→ **RECORDS FOR PROCESSING**
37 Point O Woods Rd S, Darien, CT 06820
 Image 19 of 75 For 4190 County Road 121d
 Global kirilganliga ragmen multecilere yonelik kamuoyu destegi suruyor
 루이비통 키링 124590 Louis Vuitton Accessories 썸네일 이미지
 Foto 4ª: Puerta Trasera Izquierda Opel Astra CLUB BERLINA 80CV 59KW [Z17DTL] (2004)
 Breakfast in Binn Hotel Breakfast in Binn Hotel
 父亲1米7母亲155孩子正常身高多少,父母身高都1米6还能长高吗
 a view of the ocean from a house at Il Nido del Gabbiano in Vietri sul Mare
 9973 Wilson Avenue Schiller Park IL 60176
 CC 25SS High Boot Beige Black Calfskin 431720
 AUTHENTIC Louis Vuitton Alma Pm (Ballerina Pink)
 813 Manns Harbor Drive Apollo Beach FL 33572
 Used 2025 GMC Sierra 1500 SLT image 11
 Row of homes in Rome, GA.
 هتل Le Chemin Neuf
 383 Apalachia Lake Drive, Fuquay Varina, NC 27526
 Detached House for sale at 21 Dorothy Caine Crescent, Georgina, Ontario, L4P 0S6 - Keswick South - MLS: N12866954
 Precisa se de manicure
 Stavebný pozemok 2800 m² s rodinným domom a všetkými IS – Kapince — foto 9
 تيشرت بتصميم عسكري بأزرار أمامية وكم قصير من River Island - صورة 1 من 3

→ **WHAT TO PRODUCE**
Set the data down again in full, exactly as given.

→ **TASK OUTPUT**
37 Point O Woods Rd S, Darien, CT 06820
 Image 19 of 75 For 4190 County Road 121d
 Global kirilganliga ragmen multecilere yonelik kamuoyu destegi suruyor
 루이비통 키링 124590 Louis Vuitton Accessories 썸네일 이미지
 Foto 4ª: Puerta Trasera Izquierda Opel Astra CLUB BERLINA 80CV 59KW [Z17DTL] (2004)
 Breakfast in Binn Hotel Breakfast in Binn Hotel
 父亲1米7母亲155孩子正常身高多少,父母身高都1米6还能长高吗
 a view of the ocean from a house at Il Nido del Gabbiano in Vietri sul Mare
 9973 Wilson Avenue Schiller Park IL 60176
 CC 25SS High Boot Beige Black Calfskin 431720
 AUTHENTIC Louis Vuitton Alma Pm (Ballerina Pink)
 813 Manns Harbor Drive Apollo Beach FL 33572
 Used 2025 GMC Sierra 1500 SLT image 11
 Row of homes in Rome, GA.
 هتل Le Chemin Neuf
 383 Apalachia Lake Drive, Fuquay Varina, NC 27526
 Detached House for sale at 21 Dorothy Caine Crescent, Georgina, Ontario, L4P 0S6 - Keswick South - MLS: N12866954
 Precisa se de manicure
 Stavebný pozemok 2800 m² s rodinným domom a všetkými IS – Kapince — foto 9
 تيشرت بتصميم عسكري بأزرار أمامية وكم قصير من River Island - صورة 1 من 3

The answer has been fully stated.